We will also need an affine transform which converts from il/xl on survey 2 to il/xl on survey 1. This will relate the two grids to each other. Fortunately affine transforms can be added together which makes this pretty straight forward.

[9]:
ilxl2_to_ilxl1 = (
    survey_2.seis.get_affine_transform()
    + survey_1.seis.get_affine_transform().inverted()
)

Let’s check the transform to see if it makes sense. The colouring of our values by inline should be the same after the transform is applied. Cool.

[10]:
# plotting every 50th line

n = 5

fig, axs = plt.subplots(ncols=2, figsize=(20, 10))
survey_1_plot = axs[0].scatter(
    survey_1.cdp_x.values[::n, ::n],
    survey_1.cdp_y.values[::n, ::n],
    c=survey_1.iline.broadcast_like(survey_1.cdp_x).values[::n, ::n],
    s=20,
)
survey_2_plot = axs[0].scatter(
    survey_2.cdp_x.values[::n, ::n],
    survey_2.cdp_y.values[::n, ::n],
    c=survey_2.iline.broadcast_like(survey_2.cdp_x).values[::n, ::n],
    s=20,
)
plt.colorbar(survey_1_plot, ax=axs[0])
axs[0].set_aspect("equal")

axs[0].set_title("inline numbering before transform")

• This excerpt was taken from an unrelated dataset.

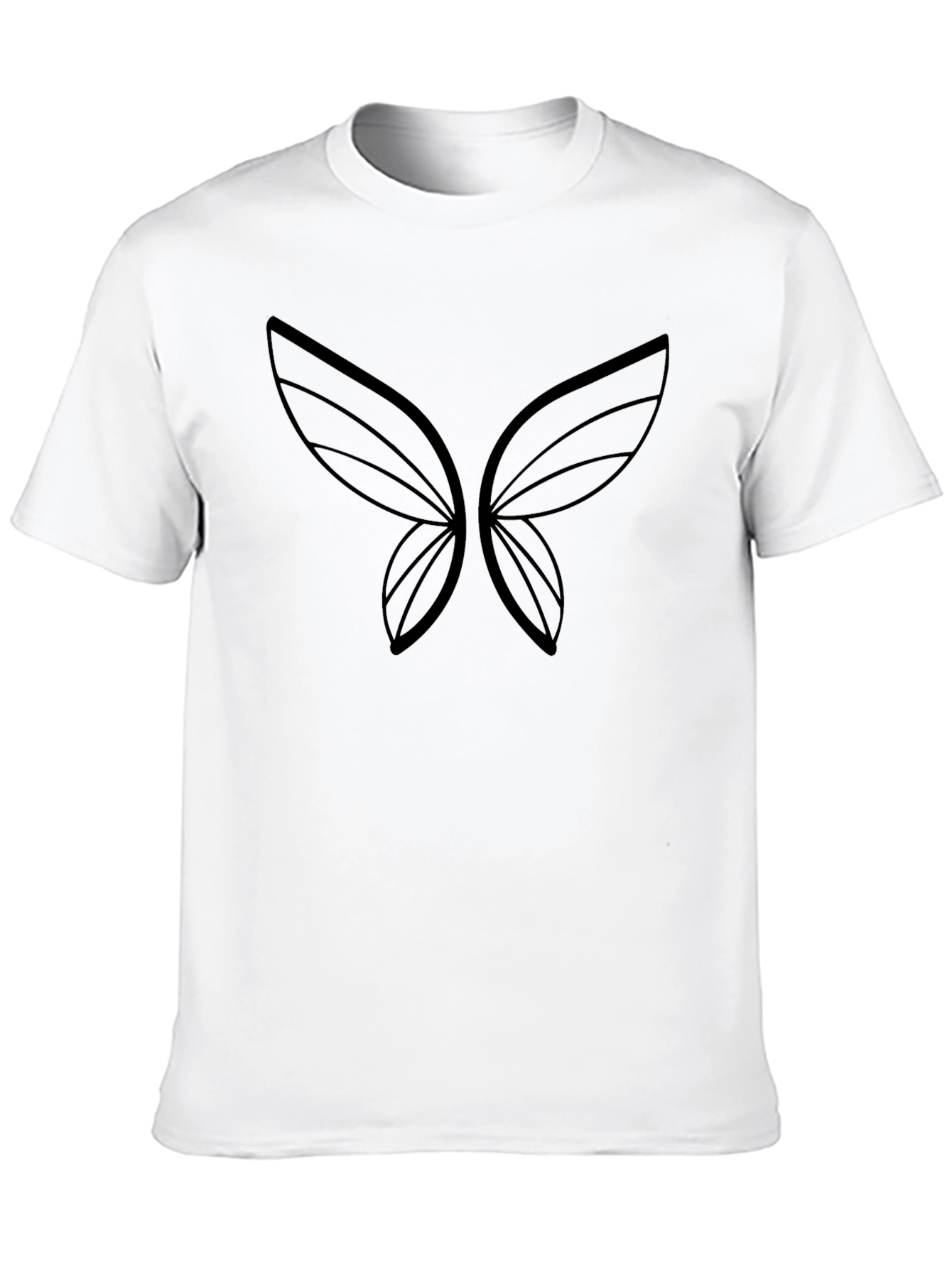 Elegant Black Butterfly Wings Graphic T-Shirt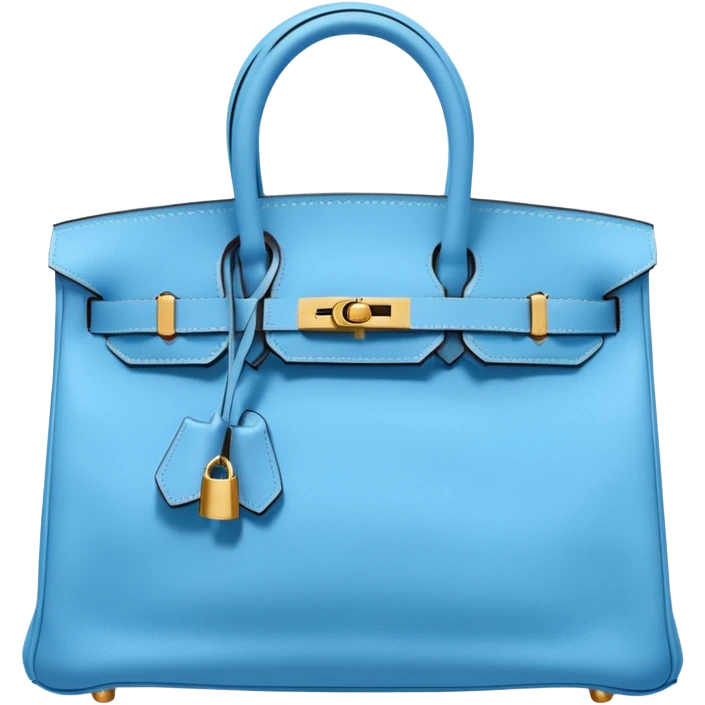 hermes birkin sky blue color bag  emoji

new_ilxl = ilxl2_to_ilxl1.transform(
    np.dstack(
        [
            survey_2.iline.broadcast_like(survey_2.cdp_x).values.ravel(),
            survey_2.xline.broadcast_like(survey_2.cdp_x).values.ravel(),
        ]
    )[0]
).reshape((survey_2.iline.size, survey_2.xline.size, 2))

survey_2.seis.calc_corner_points()
s2_corner_points_in_s1 = ilxl2_to_ilxl1.transform(survey_2.attrs["corner_points"])

print("Min Iline:", s2_corner_points_in_s1[:, 0].min(), survey_1.iline.min().values)
min_iline_combined = min(
    s2_corner_points_in_s1[:, 0].min(), survey_1.iline.min().values
)
print("Max Iline:", s2_corner_points_in_s1[:, 0].max(), survey_1.iline.max().values)
max_iline_combined = max(
    s2_corner_points_in_s1[:, 0].max(), survey_1.iline.max().values
)

print("Min Xline:", s2_corner_points_in_s1[:, 1].min(), survey_1.xline.min().values)
min_xline_combined = min(
    s2_corner_points_in_s1[:, 1].min(), survey_1.xline.min().values
)
print("Max Xline:", s2_corner_points_in_s1[:, 1].max(), survey_1.xline.max().values)
max_xline_combined = max(
    s2_corner_points_in_s1[:, 1].max(), survey_1.xline.max().values
)
print(min_iline_combined, max_iline_combined, min_xline_combined, max_xline_combined)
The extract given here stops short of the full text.